What you will do:
The response should consist only of the lines from the one with "Galo da Madrugada: veja" to the end of the data below, copied exactly and without pictures.
[[ Supplied material, beginning ]]
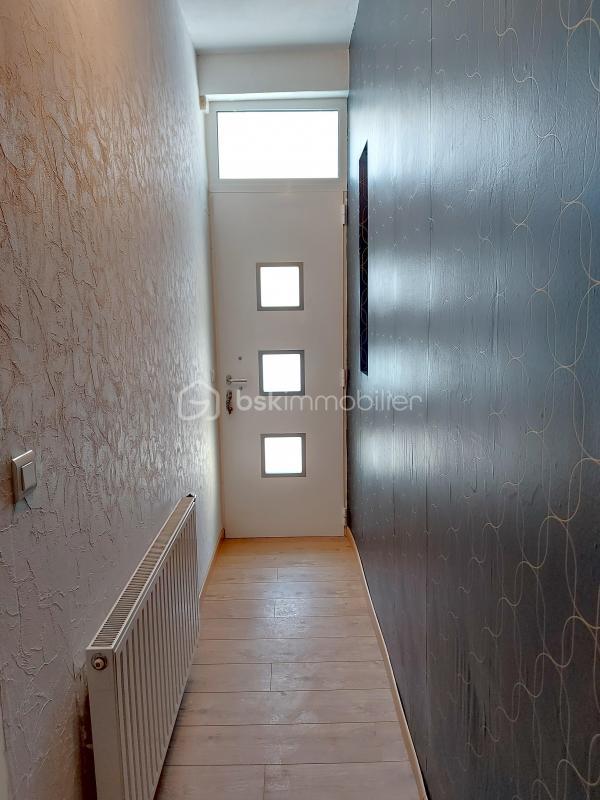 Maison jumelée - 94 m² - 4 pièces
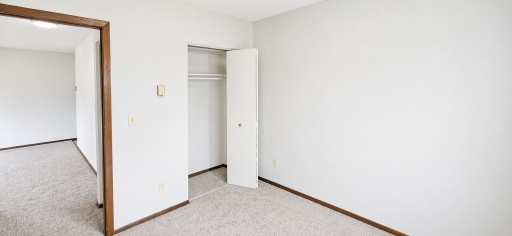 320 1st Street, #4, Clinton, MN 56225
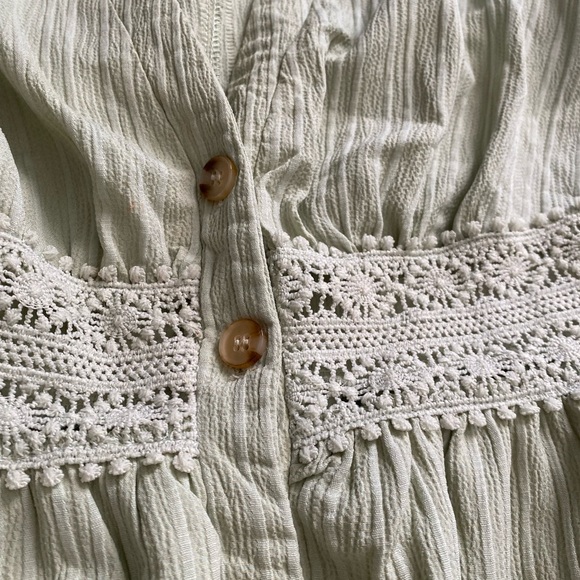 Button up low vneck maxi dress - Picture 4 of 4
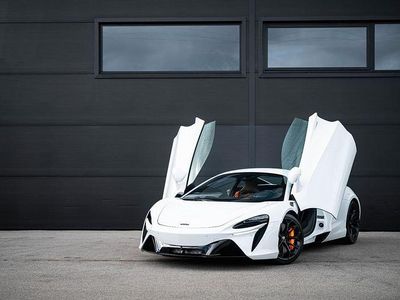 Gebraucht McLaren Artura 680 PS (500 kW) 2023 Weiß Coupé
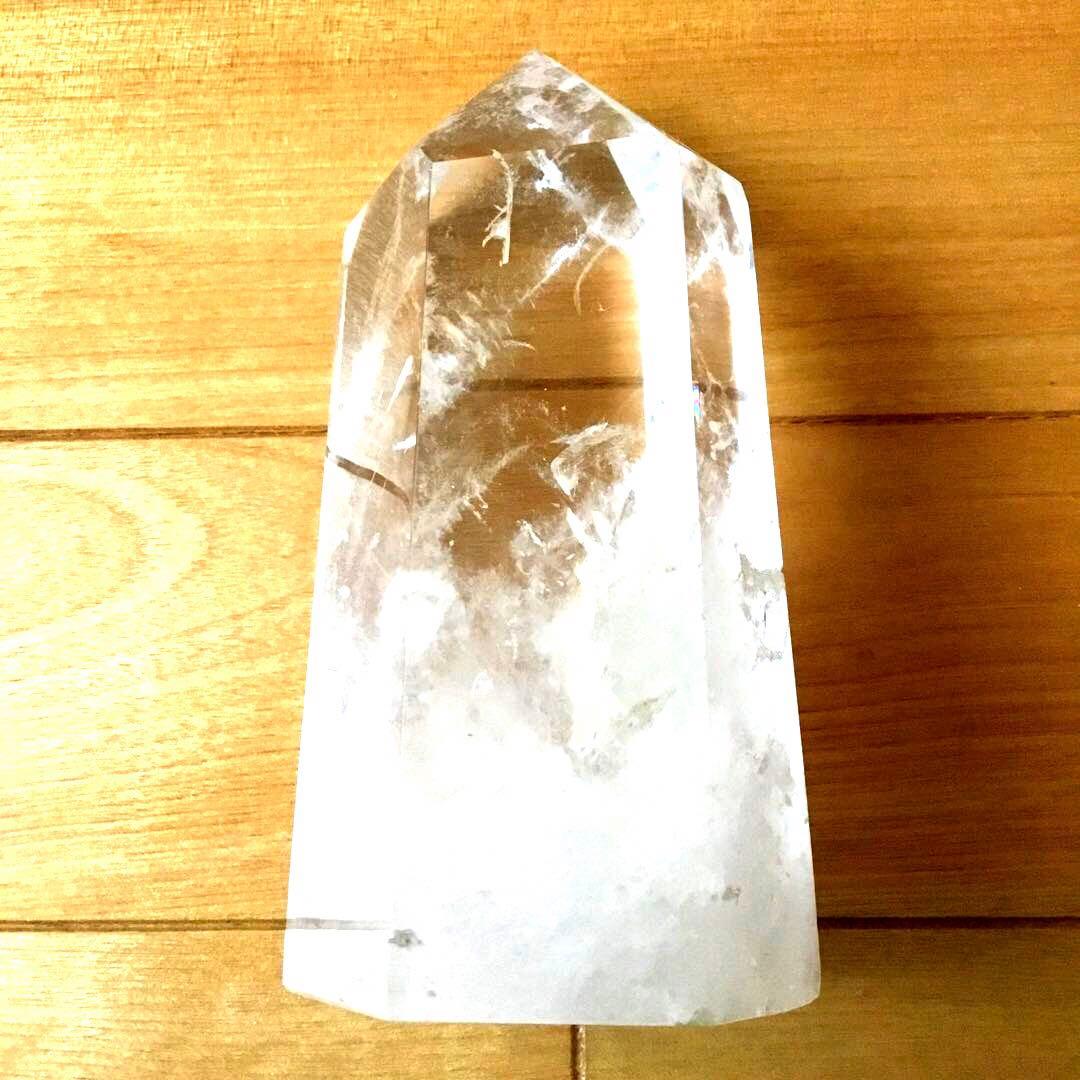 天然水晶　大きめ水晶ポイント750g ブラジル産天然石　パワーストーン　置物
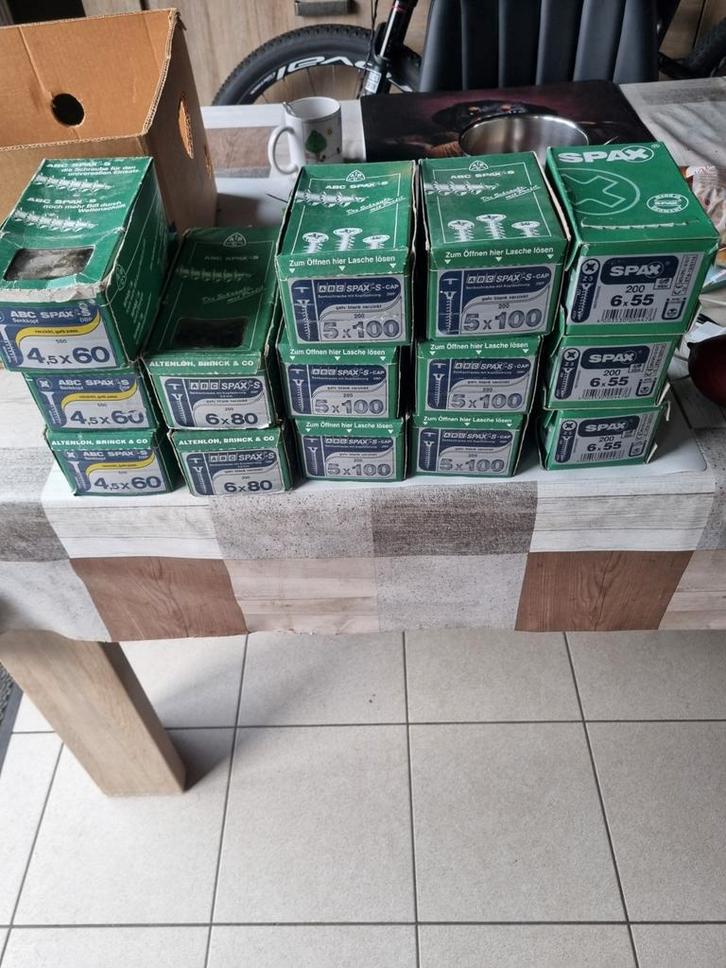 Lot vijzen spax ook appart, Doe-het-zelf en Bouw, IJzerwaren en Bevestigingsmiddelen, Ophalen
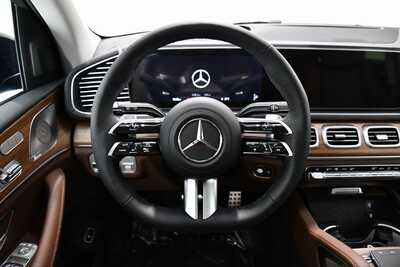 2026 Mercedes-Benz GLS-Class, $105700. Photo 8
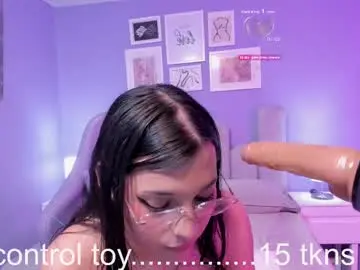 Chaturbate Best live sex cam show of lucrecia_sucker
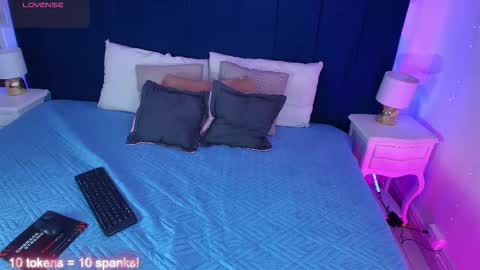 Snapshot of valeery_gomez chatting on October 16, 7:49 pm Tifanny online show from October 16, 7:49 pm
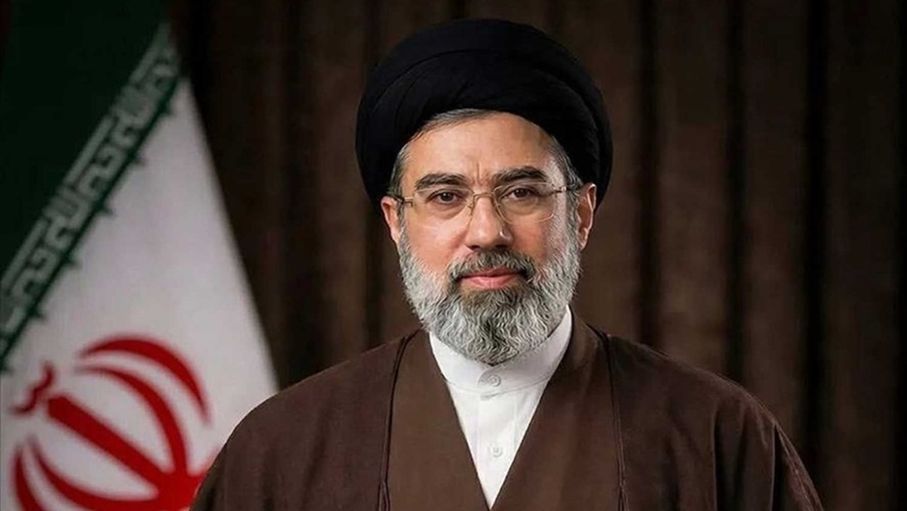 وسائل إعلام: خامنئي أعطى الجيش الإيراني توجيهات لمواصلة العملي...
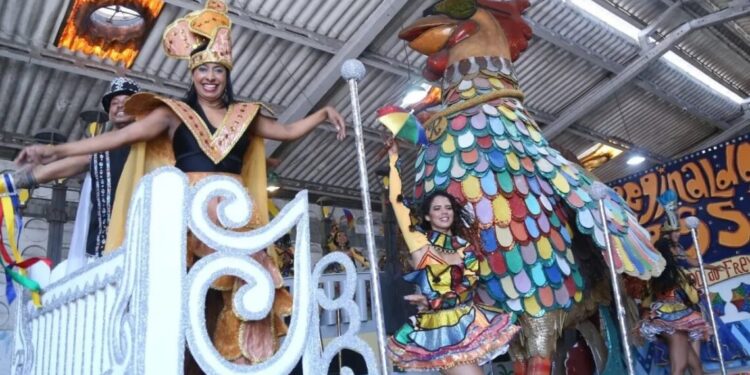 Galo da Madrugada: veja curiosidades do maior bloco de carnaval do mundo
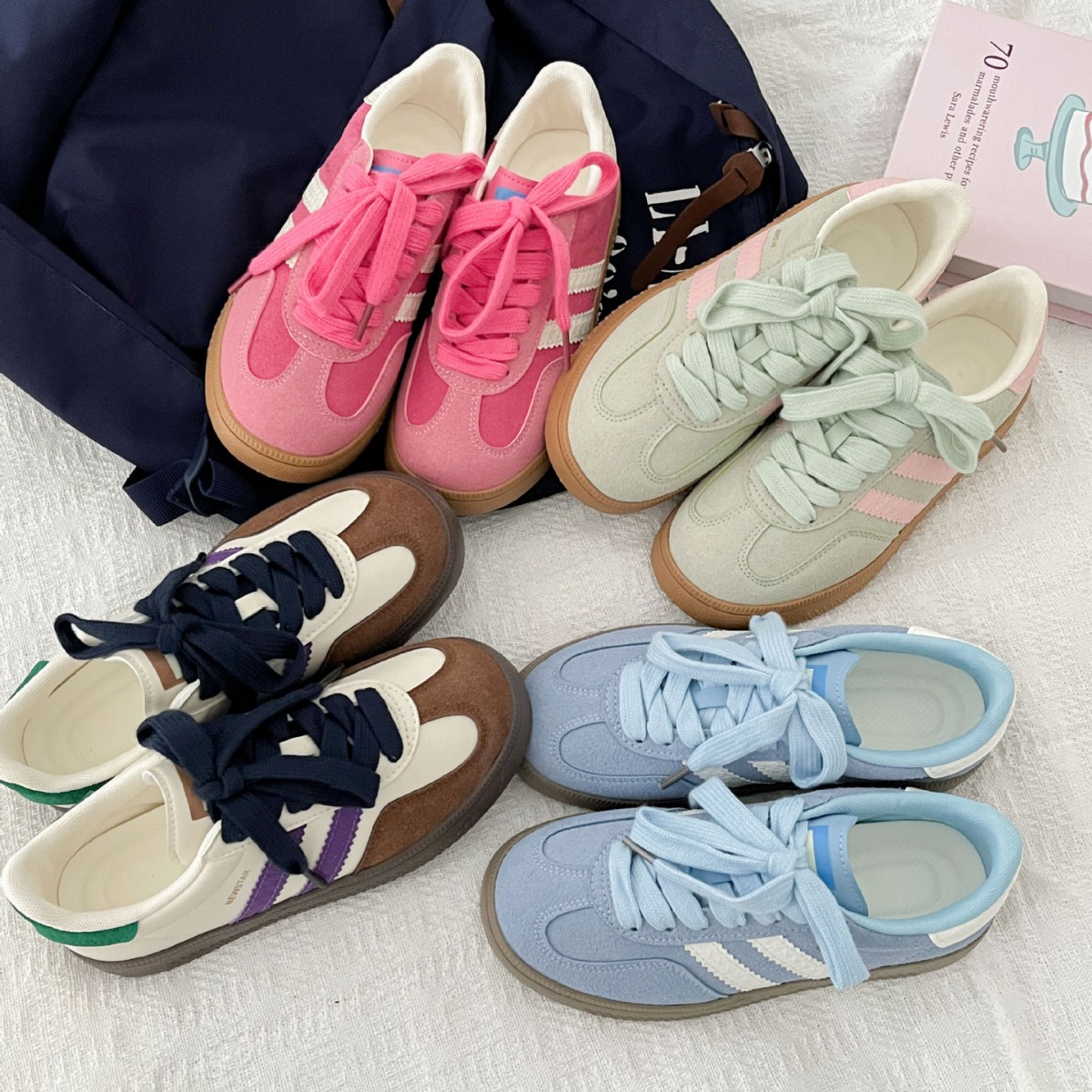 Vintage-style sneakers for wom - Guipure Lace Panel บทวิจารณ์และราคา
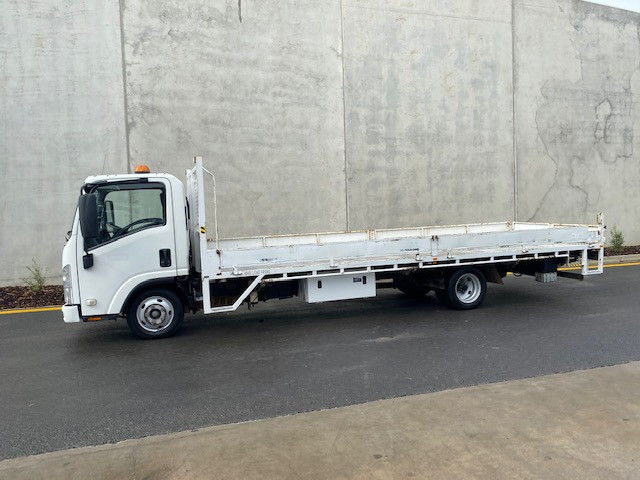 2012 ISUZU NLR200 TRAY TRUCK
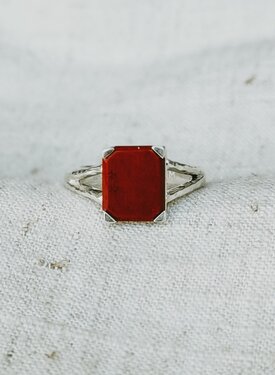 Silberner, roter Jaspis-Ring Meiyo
[[ Supplied material, end ]]
Answer for the task:
 Galo da Madrugada: veja curiosidades do maior bloco de carnaval do mundo
 Vintage-style sneakers for wom - Guipure Lace Panel บทวิจารณ์และราคา
 2012 ISUZU NLR200 TRAY TRUCK
 Silberner, roter Jaspis-Ring Meiyo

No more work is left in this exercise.